The next concern is that we are now producing large images to send to the client. That's right, we are. But what we have now and we didn't have back then is the increased ability to recreate graphics with CSS3 and much faster networks. Old thinking is old thinking, this is new thinking. When's the last time you sliced up an image to rebuild in a table anyway?

This leaves us with just pictures. What's interesting with this 'squish down' method is we are in effect reducing the size of the image pixel and to match the the device display of hardware pixels. This helps in the reduction of visual artifacts in heavily compressed images.

Let's take for example A 800x1123px poster image. Again, honey badger don't care about dpi. When I export from Photoshop I will set the quality to 0, yes 0, this will give me a 70k file. When I bring this into a web page and display at it's native size, it looks pretty bad, especially on a retina device. When I then reduce the image to display at 400px wide, it looks great. If I go down to 300px wide to target a handheld device, it looks even better. Yup, sending the same image to the handled device. I'm pretty crazy like that.

But, we can't send these large images to handheld devices, are you mad?! An average handheld device download is around 3 megabit per/sec, that roughly equates to 375k per/sec. At 70k, that's roughly 5 images per second. It is my opinion from these observations that I am not overly concerned with these numbers.

Sure, when you are targeting a handheld device you may want to send a different sized/cropped image, this is all being discussed around the proposed <picture> element (3), but this is still in discussion and nowhere near a recommendation. What I am saying is, if you are in the mindset that you need to send a different resolution/sized image to a handheld device versus the desktop device, you don't have to worry about that.

## Recommendation

At the end of all of this, what is the final recommendation? First off, if the asset you are adding to the page can be reproduced using CSS, do that first. Next, if the asset is iconic look to use ico-fonts or SVGs as these are not pixel dependent assets and will look great on any resolution device.

If you do need to send an image asset, follow these steps:

• Export the asset at twice the pixel width and height you intend to display
• Don't worry about dpi, it doesn't matter
• Use heavy compression when exporting a .jpg
• In the HTML attribute or CSS, reduce the size of the image to the desired viewable size.

#### Custom images based in display type

The only caveat I can think of is if the design actually has a different asset based in the client's display type. There are two ways you can do this. First is Webkit's image-set function. This function will allow you to set an array of assets with a 1x or 2x designation. Although it is common to see a _2x naming convention, it is not required.
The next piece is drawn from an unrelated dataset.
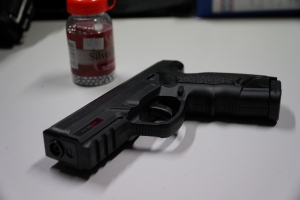 Groził mężczyźnie przedmiotem przypominającym broń. 56-latek zatrzymany przez nowodworskich policjantów.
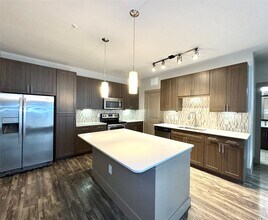 5454 Washington Ave in Houston, TX - Building Photo - Building Photo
The key is the 1x or 2x within the array.

.image-set {
background: -webkit-image-set(url(images/banner_1x.png) 1x, url(images/banner_2x.png) 2x);
width: 400px;
height: 40px;
}


This function is only currently supported by Chrome, Safari and Opera.

The next thing you can do is use a standard media query like the following:

.image-query {
background: url(images/banner_1x.png) no-repeat 0 0;
width: 400px;
height: 40px;
}

@media screen and (min-resolution: 2dppx), (-webkit-min-device-pixel-ratio: 1.3) {
.image-query {
background: url(images/banner_2x.png);
background-size: 100%;
}
}


## Conclusion

This research has put me on a wild ride of learning what's happening in the world of image assets. So much of what I used to know and understand about images and print is now dead. This is a whole new way of thinking that has been turned on it's head with the rise of higher resolution devices.

What I thought to be true about 72dpi and it's relationship to monitor displays I am now really finding out to be untrue, or at least outdated thinking.

What makes me feel better is now that I know how this works, it is a lot less work to really think about.

Everything I learned is made available in this github repo and example view.